OK, it's all about cars but Wolfsburg was a treat. The SP listed in the Borg book was €10 a night. We arrived late on day one and did VW on day two. What a great tour, we had a bit on the bus (there's no air in it it's hard to breath) through the factory and around VW city (AutoStadt). The Museum has probably the greatest collection of cars from all over the world and even meine Frau enjoyed it. We spent a few hours in there and could have spent longer. Elsewhere in AutoStadt were just showrooms except for Lambourghini which was nothing but contrived nonsense. I expected as per the Borg book to be paying €10 per night but by the time we were leaving I was ready to pay €40 for our stay, the bill was just €6. I paid it and ran back to van and made a 0-60 sprint for the barrier, shoved the Automat card in and it let us out !!!! Auf weidersehen Golfsburg!

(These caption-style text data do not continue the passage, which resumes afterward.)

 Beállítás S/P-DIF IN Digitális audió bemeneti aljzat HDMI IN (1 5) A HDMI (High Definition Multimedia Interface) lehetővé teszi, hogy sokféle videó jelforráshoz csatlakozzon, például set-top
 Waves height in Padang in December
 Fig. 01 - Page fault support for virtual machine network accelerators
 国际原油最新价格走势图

Alsfeld / SP / Free / € All services
We found this little place by chance. A beautiful little place and free parking. Good Greek restaurant . Our last weekend in Germany. 

SP = Stellplatz
Strom = Electricity.
CS = Camp Site..

We thought that the German road signs were the worst we have ever came across. Autobahns are good but local road signs are poor most of them being at the junctions with little or no advanced warning. 

We had some great experiences with the Germans the balance is tipped in their favour I think, Many approached us and told us good places to go etc. In Dresden I was out late at night having a smoke and an older man walked by our van, I nodded to acknowledge him, he said 'Wilkommen' I was surprised by this but replied with Danke. We even had Germans telling us jokes. We had never heard of 'goosegot' but it means hello good day etc but caught us out. 

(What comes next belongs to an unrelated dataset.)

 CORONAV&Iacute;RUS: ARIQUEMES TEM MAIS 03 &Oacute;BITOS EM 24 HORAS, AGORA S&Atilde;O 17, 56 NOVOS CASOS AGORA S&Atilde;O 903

We wish we had known about Pfande's, which we called pa-fandies. This is deposits on glass and plastic bottles and is itemised on shop receipts we didn't check ours initially and threw some out, You'll even see Germans raking in buckets for them! It seems €0.25 each is the norm. So if you have pafandies on your shop receipt keep the bottles you can identify them by an additional recycling sign. The shops have Pfandeautomat's for you to return the bottles and it give you a credit voucher and yes the glass goes in them too. 

My wife wasn't keen on going to Germany but we both thoroughly enjoyed it, we'll definitely go back. 

Keith.


----------



## peejay (May 10, 2005)

Hi Keith,

Thanks for the update and list, very handy.
It would be great if you could enter them into the campsite database, some are already there but you could also update those entries with a quick review.



> We had never heard of 'goosegot' but it means hello good day etc but caught us out.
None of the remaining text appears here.